Instructions for the task
Please begin with the line containing "Signature CutOut Shirts" and reproduce each line exactly until the records below end, without any pictures.

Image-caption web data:

=== Section Start ===

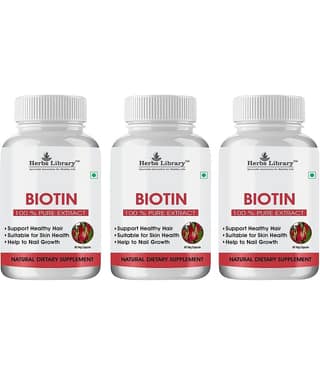 Herbs Library Biotin Capules For Hair Growth, Skin and Nails 60 Capsules Each (Pack of 3)
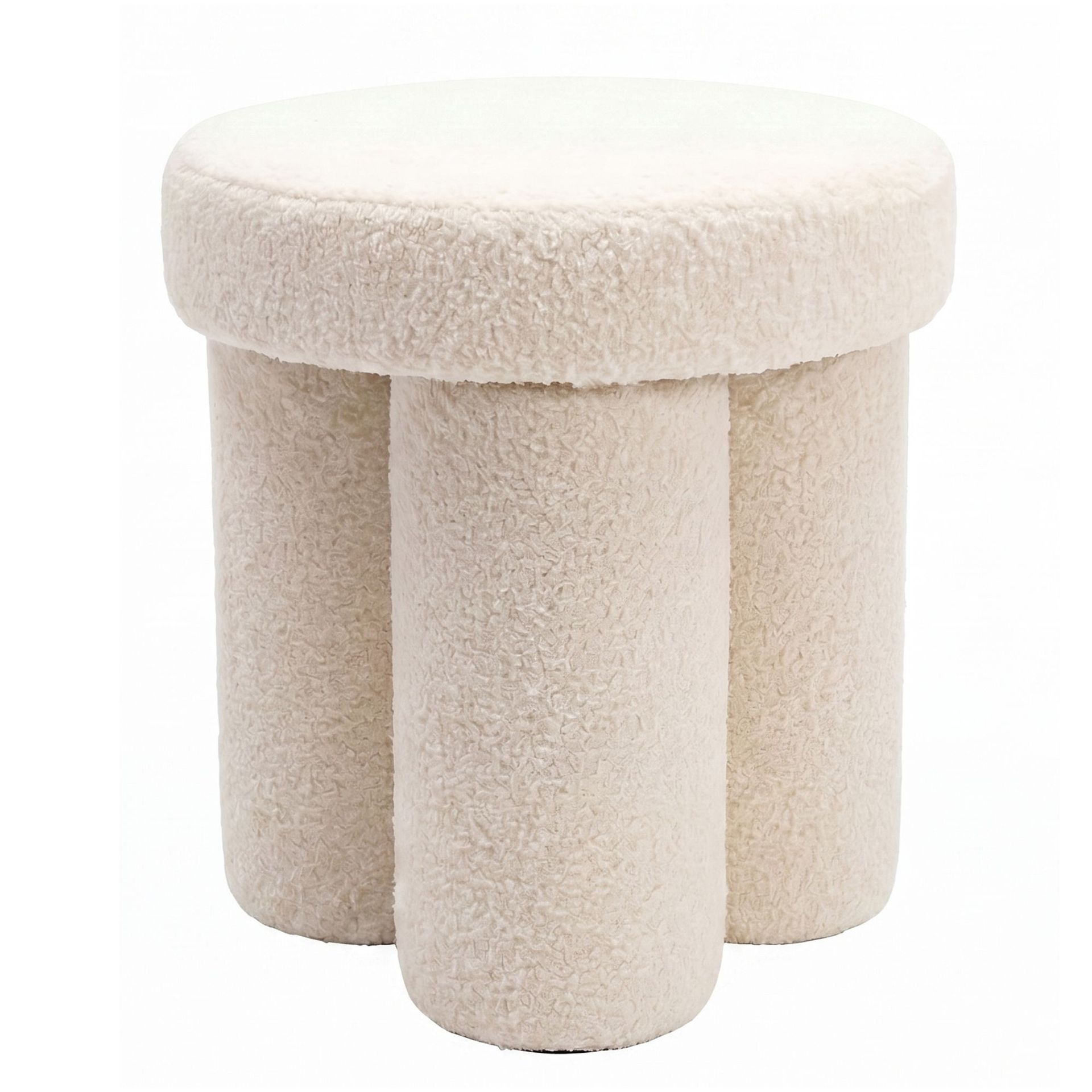 Ölvik Rund sittpuff 40 cm i teddytyg - ljus kräm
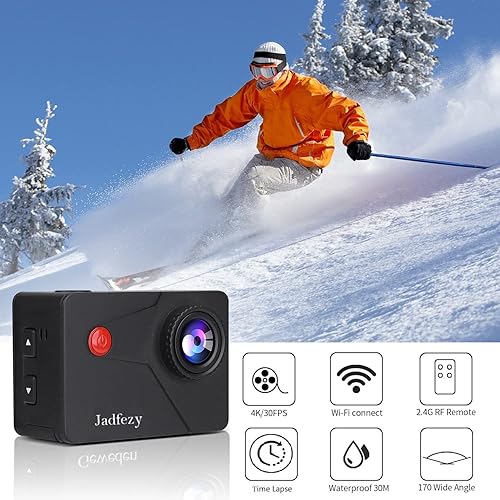 Jadfezy Action Cam 4K 30fps con WiFi e Telecomando, Sports Cam da 30 MP e 170° Grandangolare, Fotocamera subacquea da 30M dotato di 1350 mAh batterie e Accessori di montaggio (J-7000S) - Fashionser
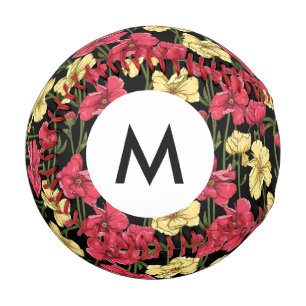 Monogram Elegant floral pattern 2 Baseball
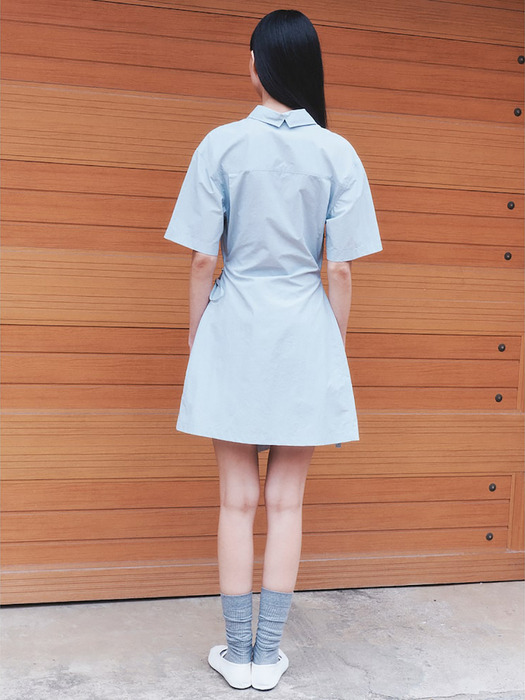 Signature CutOut Shirts Mini Dress  Sky Blue (KE4371M02Q)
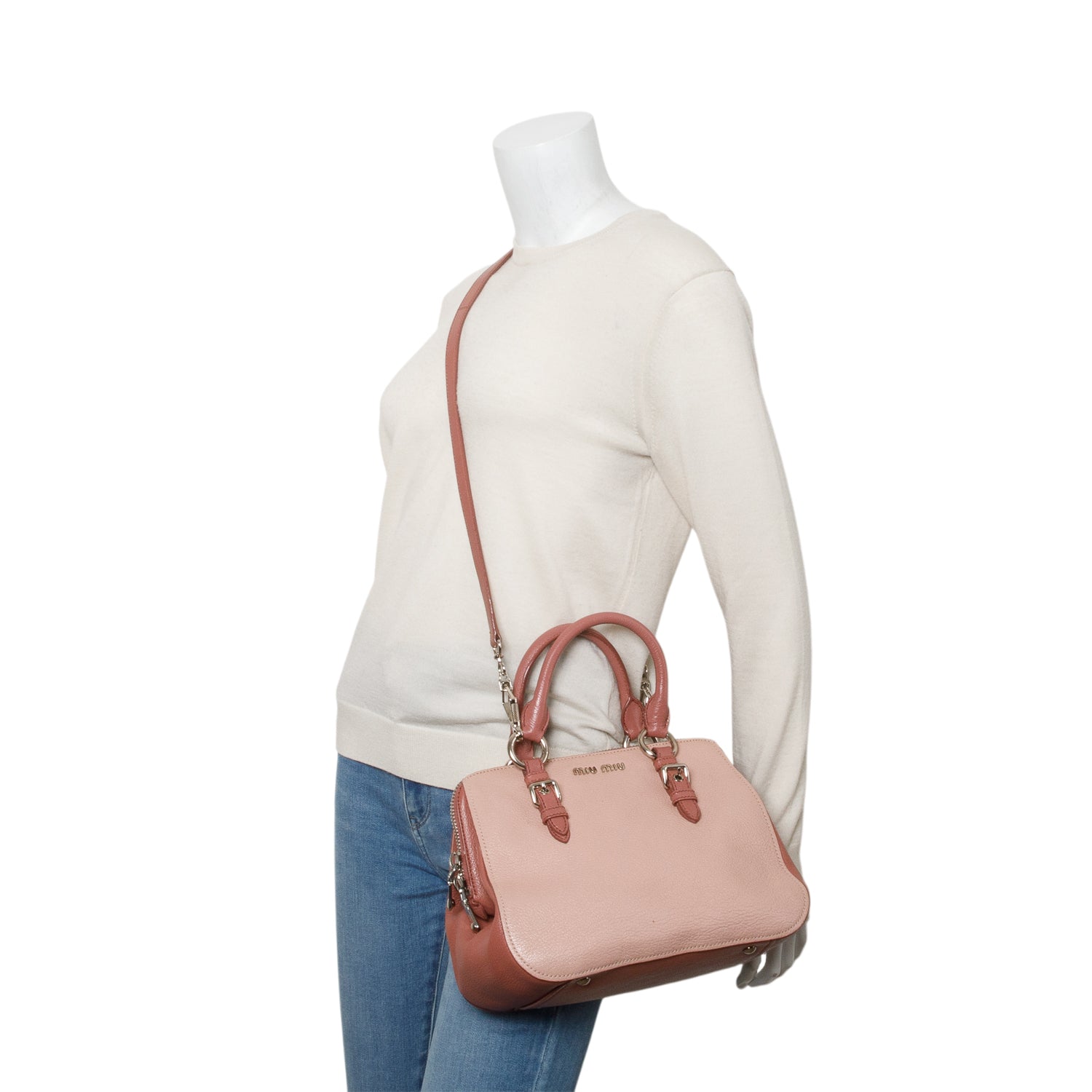 Miu Miu Pink Bi-Color Madras Leather Doctor Bag w/ Strap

=== Section End ===

Expected answer
 Signature CutOut Shirts Mini Dress  Sky Blue (KE4371M02Q)
 Miu Miu Pink Bi-Color Madras Leather Doctor Bag w/ Strap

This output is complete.